WHAT YOU HAVE TO DO: Without any images, output the records below verbatim.
-- DATASET ENTRIES follows --
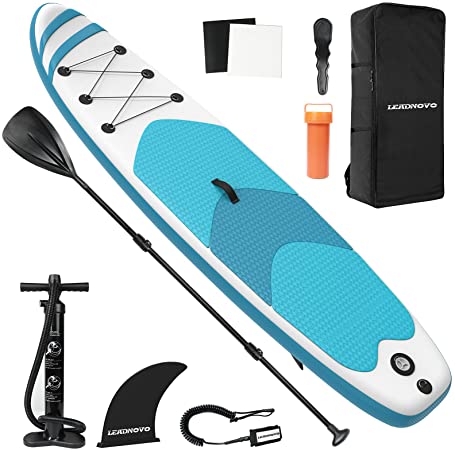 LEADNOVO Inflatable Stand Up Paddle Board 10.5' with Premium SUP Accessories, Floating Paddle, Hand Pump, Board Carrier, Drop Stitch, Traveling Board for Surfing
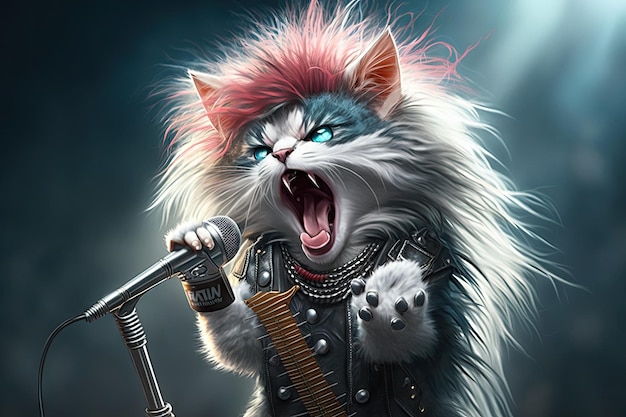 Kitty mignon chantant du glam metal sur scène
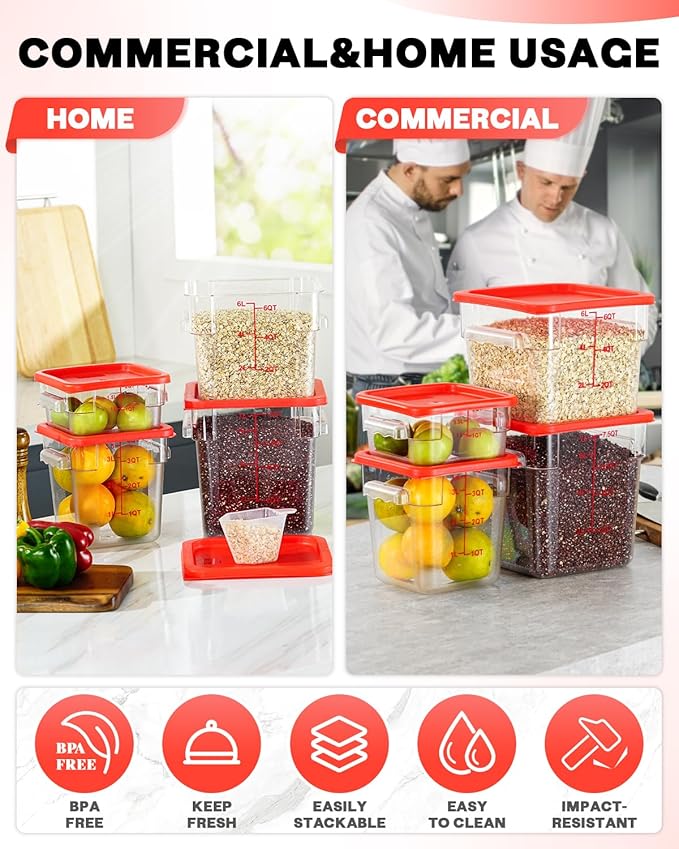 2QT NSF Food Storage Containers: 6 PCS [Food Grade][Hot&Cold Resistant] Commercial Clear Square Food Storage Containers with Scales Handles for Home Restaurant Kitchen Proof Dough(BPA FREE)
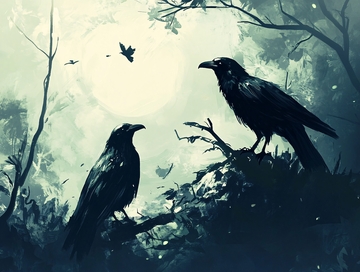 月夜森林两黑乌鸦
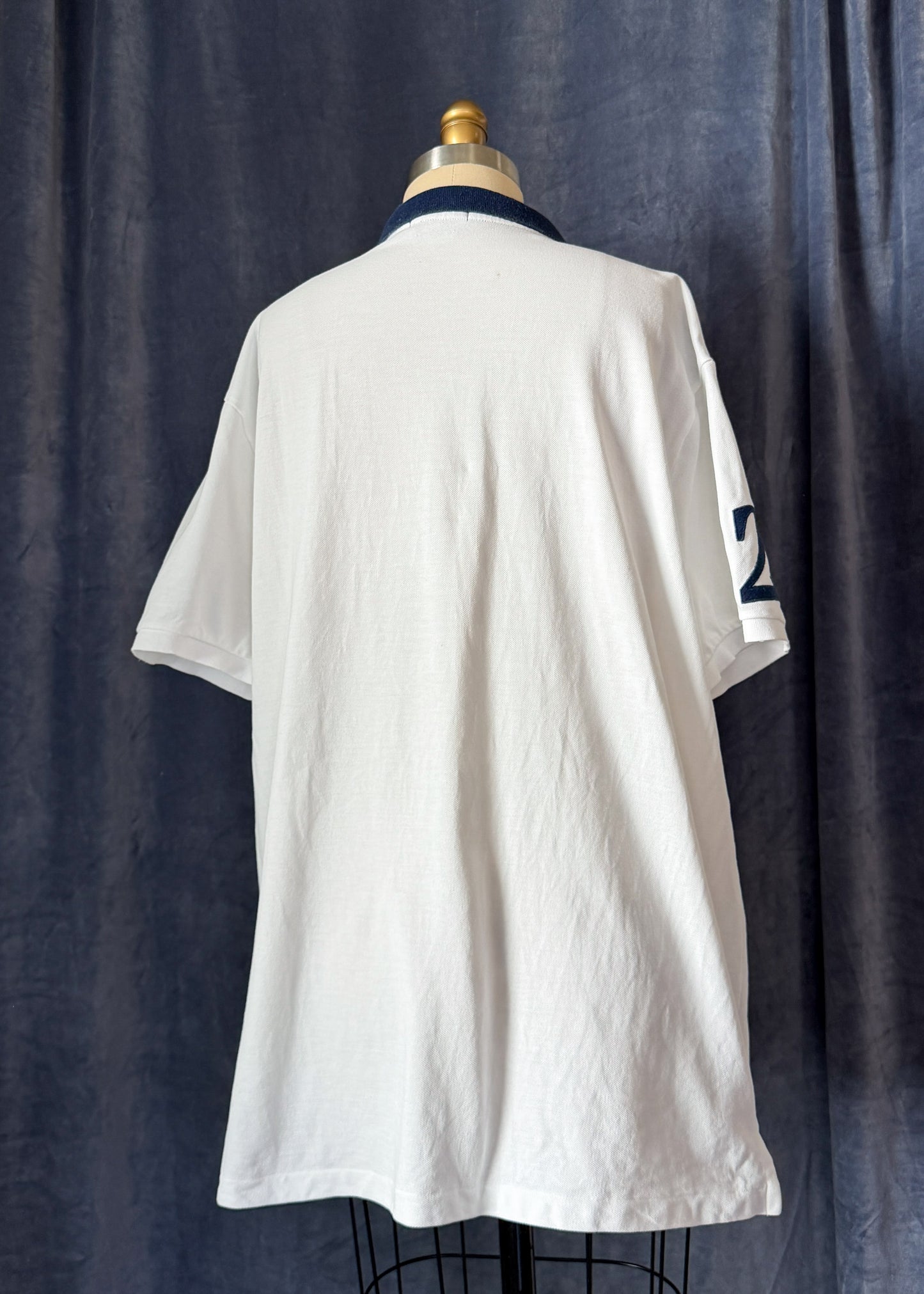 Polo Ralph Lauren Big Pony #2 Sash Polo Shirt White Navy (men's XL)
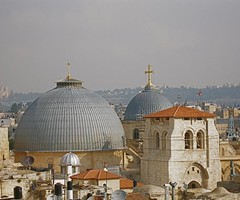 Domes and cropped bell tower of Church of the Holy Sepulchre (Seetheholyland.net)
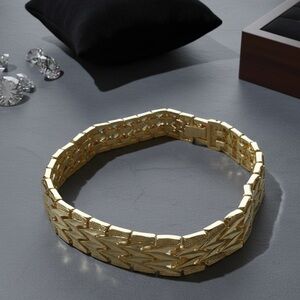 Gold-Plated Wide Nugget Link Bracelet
-- DATASET ENTRIES concluded --
COMPLETED TASK:
 LEADNOVO Inflatable Stand Up Paddle Board 10.5' with Premium SUP Accessories, Floating Paddle, Hand Pump, Board Carrier, Drop Stitch, Traveling Board for Surfing
 Kitty mignon chantant du glam metal sur scène
 2QT NSF Food Storage Containers: 6 PCS [Food Grade][Hot&Cold Resistant] Commercial Clear Square Food Storage Containers with Scales Handles for Home Restaurant Kitchen Proof Dough(BPA FREE)
 月夜森林两黑乌鸦
 Polo Ralph Lauren Big Pony #2 Sash Polo Shirt White Navy (men's XL)
 Domes and cropped bell tower of Church of the Holy Sepulchre (Seetheholyland.net)
 Gold-Plated Wide Nugget Link Bracelet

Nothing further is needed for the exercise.